### RECORDS SUPPLIED
- Opening Delimiter -
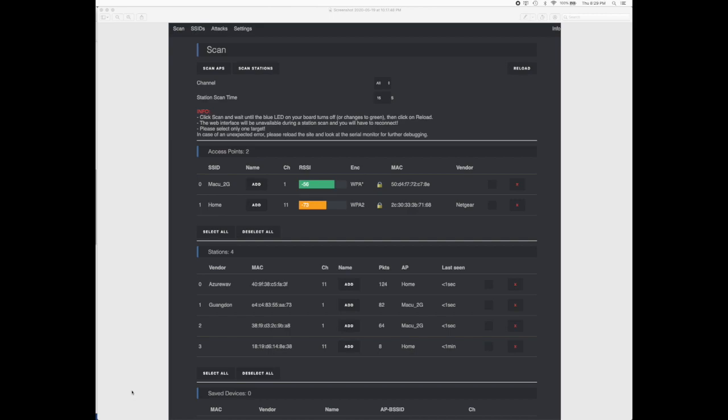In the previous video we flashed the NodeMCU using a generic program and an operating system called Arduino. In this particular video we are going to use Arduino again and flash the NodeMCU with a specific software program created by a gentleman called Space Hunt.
- Closing Delimiter -
- Opening Delimiter -
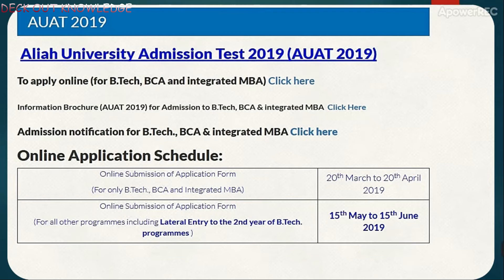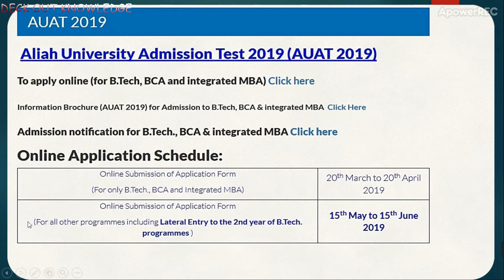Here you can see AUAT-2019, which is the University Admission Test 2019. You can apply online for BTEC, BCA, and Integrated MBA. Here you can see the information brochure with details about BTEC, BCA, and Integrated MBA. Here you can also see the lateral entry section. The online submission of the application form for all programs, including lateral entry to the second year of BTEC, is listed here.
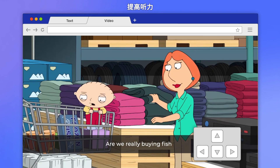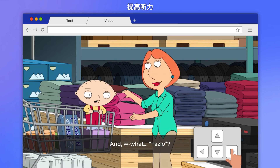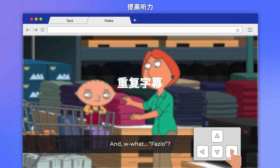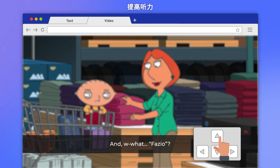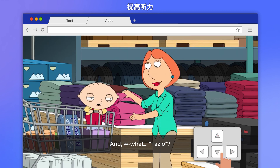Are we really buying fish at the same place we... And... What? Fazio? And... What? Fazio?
- Closing Delimiter -
### WHAT THIS TASK INVOLVES
Keep to the lines above from the line with "Here you can see AUAT-2019, which" to the line with "Are we really", and set down exactly those, inclusive, with nothing else and every picture left out.

### WRITTEN RESPONSE
Here you can see AUAT-2019, which is the University Admission Test 2019. You can apply online for BTEC, BCA, and Integrated MBA. Here you can see the information brochure with details about BTEC, BCA, and Integrated MBA. Here you can also see the lateral entry section. The online submission of the application form for all programs, including lateral entry to the second year of BTEC, is listed here.
Are we really buying fish at the same place we... And... What? Fazio? And... What? Fazio?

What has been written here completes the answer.